For this exercise, reproduce the entries below exactly, but only from the line containing "[733076] Whisky KNOCKANDO 70cl" through the line containing "2002 Dodge Ram 3500", both included.
···
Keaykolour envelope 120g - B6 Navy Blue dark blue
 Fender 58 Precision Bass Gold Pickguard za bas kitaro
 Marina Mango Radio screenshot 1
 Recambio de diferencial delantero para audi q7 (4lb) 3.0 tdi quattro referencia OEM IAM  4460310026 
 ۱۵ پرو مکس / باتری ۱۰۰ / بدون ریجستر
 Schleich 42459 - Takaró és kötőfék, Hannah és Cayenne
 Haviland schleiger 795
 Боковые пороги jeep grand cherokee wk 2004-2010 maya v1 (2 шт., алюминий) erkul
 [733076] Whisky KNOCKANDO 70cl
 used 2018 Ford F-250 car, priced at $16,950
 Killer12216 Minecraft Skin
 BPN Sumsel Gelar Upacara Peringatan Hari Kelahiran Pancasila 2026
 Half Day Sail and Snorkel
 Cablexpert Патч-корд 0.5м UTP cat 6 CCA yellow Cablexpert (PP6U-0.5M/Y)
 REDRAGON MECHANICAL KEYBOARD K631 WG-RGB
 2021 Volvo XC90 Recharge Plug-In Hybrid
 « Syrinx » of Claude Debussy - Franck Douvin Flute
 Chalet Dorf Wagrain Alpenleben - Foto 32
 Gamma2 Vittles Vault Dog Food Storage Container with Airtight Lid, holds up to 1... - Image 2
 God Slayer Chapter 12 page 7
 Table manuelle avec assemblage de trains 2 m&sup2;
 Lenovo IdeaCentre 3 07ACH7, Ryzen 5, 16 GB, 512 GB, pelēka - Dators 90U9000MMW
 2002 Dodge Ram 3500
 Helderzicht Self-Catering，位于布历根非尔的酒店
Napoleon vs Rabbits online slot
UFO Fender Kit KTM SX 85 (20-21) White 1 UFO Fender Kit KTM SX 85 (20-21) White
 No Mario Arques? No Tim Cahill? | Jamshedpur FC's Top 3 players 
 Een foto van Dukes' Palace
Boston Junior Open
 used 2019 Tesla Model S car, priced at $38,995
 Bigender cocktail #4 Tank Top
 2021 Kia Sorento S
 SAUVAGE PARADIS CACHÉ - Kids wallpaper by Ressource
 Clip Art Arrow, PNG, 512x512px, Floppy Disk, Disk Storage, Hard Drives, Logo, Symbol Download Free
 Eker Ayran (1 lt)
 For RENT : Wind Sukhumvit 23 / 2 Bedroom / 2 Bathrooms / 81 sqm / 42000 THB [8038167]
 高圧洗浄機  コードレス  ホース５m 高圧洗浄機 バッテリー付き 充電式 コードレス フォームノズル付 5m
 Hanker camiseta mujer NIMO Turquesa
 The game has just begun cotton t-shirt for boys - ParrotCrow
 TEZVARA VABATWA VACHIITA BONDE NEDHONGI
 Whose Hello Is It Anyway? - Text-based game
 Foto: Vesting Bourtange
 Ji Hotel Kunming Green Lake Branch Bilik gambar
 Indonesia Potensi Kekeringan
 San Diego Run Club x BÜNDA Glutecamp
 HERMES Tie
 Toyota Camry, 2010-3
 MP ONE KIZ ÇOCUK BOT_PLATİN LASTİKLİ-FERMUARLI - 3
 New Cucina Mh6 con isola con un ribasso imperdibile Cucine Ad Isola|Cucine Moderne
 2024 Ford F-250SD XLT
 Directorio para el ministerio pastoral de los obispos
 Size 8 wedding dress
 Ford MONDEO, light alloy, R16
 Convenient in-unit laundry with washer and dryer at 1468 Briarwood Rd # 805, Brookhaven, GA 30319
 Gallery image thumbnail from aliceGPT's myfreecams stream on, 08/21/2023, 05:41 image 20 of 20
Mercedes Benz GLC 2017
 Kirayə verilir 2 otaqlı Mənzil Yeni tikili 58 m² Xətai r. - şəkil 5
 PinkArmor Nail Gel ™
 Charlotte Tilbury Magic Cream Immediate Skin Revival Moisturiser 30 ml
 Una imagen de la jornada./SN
···
* _RESULT FOR THIS TASK_:
 [733076] Whisky KNOCKANDO 70cl
 used 2018 Ford F-250 car, priced at $16,950
 Killer12216 Minecraft Skin
 BPN Sumsel Gelar Upacara Peringatan Hari Kelahiran Pancasila 2026
 Half Day Sail and Snorkel
 Cablexpert Патч-корд 0.5м UTP cat 6 CCA yellow Cablexpert (PP6U-0.5M/Y)
 REDRAGON MECHANICAL KEYBOARD K631 WG-RGB
 2021 Volvo XC90 Recharge Plug-In Hybrid
 « Syrinx » of Claude Debussy - Franck Douvin Flute
 Chalet Dorf Wagrain Alpenleben - Foto 32
 Gamma2 Vittles Vault Dog Food Storage Container with Airtight Lid, holds up to 1... - Image 2
 God Slayer Chapter 12 page 7
 Table manuelle avec assemblage de trains 2 m&sup2;
 Lenovo IdeaCentre 3 07ACH7, Ryzen 5, 16 GB, 512 GB, pelēka - Dators 90U9000MMW
 2002 Dodge Ram 3500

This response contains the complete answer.